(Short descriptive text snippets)
-*-*-

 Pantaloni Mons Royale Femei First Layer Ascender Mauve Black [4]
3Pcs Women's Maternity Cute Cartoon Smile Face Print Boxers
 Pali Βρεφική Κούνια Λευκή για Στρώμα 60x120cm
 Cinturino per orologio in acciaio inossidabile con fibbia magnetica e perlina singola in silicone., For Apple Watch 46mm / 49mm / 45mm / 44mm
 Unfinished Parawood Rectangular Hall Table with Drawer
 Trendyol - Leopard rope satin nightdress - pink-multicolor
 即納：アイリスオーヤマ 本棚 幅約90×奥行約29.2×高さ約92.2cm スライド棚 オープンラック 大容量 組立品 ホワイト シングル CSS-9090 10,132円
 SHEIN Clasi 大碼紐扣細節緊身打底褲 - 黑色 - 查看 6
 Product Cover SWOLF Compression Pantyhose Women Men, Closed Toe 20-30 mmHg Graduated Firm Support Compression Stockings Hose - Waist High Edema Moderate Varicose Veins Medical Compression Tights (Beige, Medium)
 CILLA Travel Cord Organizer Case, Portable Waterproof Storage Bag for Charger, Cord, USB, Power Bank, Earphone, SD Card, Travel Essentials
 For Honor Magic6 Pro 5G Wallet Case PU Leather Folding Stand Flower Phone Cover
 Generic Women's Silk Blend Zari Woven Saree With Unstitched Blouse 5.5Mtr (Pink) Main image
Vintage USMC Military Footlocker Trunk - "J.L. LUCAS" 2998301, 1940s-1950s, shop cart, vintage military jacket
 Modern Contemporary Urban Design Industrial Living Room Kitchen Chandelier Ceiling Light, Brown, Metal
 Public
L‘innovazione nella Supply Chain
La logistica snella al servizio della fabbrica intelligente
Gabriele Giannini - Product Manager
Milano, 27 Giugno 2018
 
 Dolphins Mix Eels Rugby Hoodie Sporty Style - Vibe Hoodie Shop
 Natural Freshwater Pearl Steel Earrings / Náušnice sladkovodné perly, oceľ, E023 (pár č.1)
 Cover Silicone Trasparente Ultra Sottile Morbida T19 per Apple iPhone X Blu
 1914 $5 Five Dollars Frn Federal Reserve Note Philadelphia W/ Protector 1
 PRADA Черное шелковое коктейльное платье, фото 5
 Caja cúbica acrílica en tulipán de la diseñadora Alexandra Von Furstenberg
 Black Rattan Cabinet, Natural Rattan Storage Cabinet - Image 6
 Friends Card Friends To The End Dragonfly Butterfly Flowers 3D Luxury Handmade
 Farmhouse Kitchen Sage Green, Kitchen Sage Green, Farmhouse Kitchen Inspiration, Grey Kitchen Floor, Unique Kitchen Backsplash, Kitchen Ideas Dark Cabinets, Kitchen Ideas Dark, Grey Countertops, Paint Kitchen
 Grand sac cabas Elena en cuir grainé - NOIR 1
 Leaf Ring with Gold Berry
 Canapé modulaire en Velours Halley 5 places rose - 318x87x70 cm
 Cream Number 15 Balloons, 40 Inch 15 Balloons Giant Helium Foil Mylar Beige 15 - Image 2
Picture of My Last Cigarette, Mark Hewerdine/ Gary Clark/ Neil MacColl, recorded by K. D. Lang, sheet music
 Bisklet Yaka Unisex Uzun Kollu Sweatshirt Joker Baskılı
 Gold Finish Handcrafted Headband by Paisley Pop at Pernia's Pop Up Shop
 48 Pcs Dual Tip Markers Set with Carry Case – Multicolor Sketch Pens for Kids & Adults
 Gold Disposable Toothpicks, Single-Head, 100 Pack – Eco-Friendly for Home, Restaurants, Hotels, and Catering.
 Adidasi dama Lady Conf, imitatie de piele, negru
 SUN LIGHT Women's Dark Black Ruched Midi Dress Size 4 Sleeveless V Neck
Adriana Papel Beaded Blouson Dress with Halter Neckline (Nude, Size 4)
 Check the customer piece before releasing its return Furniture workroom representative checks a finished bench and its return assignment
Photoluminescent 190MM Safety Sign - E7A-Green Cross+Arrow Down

-*-*-

TRY IT> Nothing is to be left out; every record above must be repeated exactly.

RESPONSE BOX>
 Pantaloni Mons Royale Femei First Layer Ascender Mauve Black [4]
3Pcs Women's Maternity Cute Cartoon Smile Face Print Boxers
 Pali Βρεφική Κούνια Λευκή για Στρώμα 60x120cm
 Cinturino per orologio in acciaio inossidabile con fibbia magnetica e perlina singola in silicone., For Apple Watch 46mm / 49mm / 45mm / 44mm
 Unfinished Parawood Rectangular Hall Table with Drawer
 Trendyol - Leopard rope satin nightdress - pink-multicolor
 即納：アイリスオーヤマ 本棚 幅約90×奥行約29.2×高さ約92.2cm スライド棚 オープンラック 大容量 組立品 ホワイト シングル CSS-9090 10,132円
 SHEIN Clasi 大碼紐扣細節緊身打底褲 - 黑色 - 查看 6
 Product Cover SWOLF Compression Pantyhose Women Men, Closed Toe 20-30 mmHg Graduated Firm Support Compression Stockings Hose - Waist High Edema Moderate Varicose Veins Medical Compression Tights (Beige, Medium)
 CILLA Travel Cord Organizer Case, Portable Waterproof Storage Bag for Charger, Cord, USB, Power Bank, Earphone, SD Card, Travel Essentials
 For Honor Magic6 Pro 5G Wallet Case PU Leather Folding Stand Flower Phone Cover
 Generic Women's Silk Blend Zari Woven Saree With Unstitched Blouse 5.5Mtr (Pink) Main image
Vintage USMC Military Footlocker Trunk - "J.L. LUCAS" 2998301, 1940s-1950s, shop cart, vintage military jacket
 Modern Contemporary Urban Design Industrial Living Room Kitchen Chandelier Ceiling Light, Brown, Metal
 Public
L‘innovazione nella Supply Chain
La logistica snella al servizio della fabbrica intelligente
Gabriele Giannini - Product Manager
Milano, 27 Giugno 2018
 
 Dolphins Mix Eels Rugby Hoodie Sporty Style - Vibe Hoodie Shop
 Natural Freshwater Pearl Steel Earrings / Náušnice sladkovodné perly, oceľ, E023 (pár č.1)
 Cover Silicone Trasparente Ultra Sottile Morbida T19 per Apple iPhone X Blu
 1914 $5 Five Dollars Frn Federal Reserve Note Philadelphia W/ Protector 1
 PRADA Черное шелковое коктейльное платье, фото 5
 Caja cúbica acrílica en tulipán de la diseñadora Alexandra Von Furstenberg
 Black Rattan Cabinet, Natural Rattan Storage Cabinet - Image 6
 Friends Card Friends To The End Dragonfly Butterfly Flowers 3D Luxury Handmade
 Farmhouse Kitchen Sage Green, Kitchen Sage Green, Farmhouse Kitchen Inspiration, Grey Kitchen Floor, Unique Kitchen Backsplash, Kitchen Ideas Dark Cabinets, Kitchen Ideas Dark, Grey Countertops, Paint Kitchen
 Grand sac cabas Elena en cuir grainé - NOIR 1
 Leaf Ring with Gold Berry
 Canapé modulaire en Velours Halley 5 places rose - 318x87x70 cm
 Cream Number 15 Balloons, 40 Inch 15 Balloons Giant Helium Foil Mylar Beige 15 - Image 2
Picture of My Last Cigarette, Mark Hewerdine/ Gary Clark/ Neil MacColl, recorded by K. D. Lang, sheet music
 Bisklet Yaka Unisex Uzun Kollu Sweatshirt Joker Baskılı
 Gold Finish Handcrafted Headband by Paisley Pop at Pernia's Pop Up Shop
 48 Pcs Dual Tip Markers Set with Carry Case – Multicolor Sketch Pens for Kids & Adults
 Gold Disposable Toothpicks, Single-Head, 100 Pack – Eco-Friendly for Home, Restaurants, Hotels, and Catering.
 Adidasi dama Lady Conf, imitatie de piele, negru
 SUN LIGHT Women's Dark Black Ruched Midi Dress Size 4 Sleeveless V Neck
Adriana Papel Beaded Blouson Dress with Halter Neckline (Nude, Size 4)
 Check the customer piece before releasing its return Furniture workroom representative checks a finished bench and its return assignment
Photoluminescent 190MM Safety Sign - E7A-Green Cross+Arrow Down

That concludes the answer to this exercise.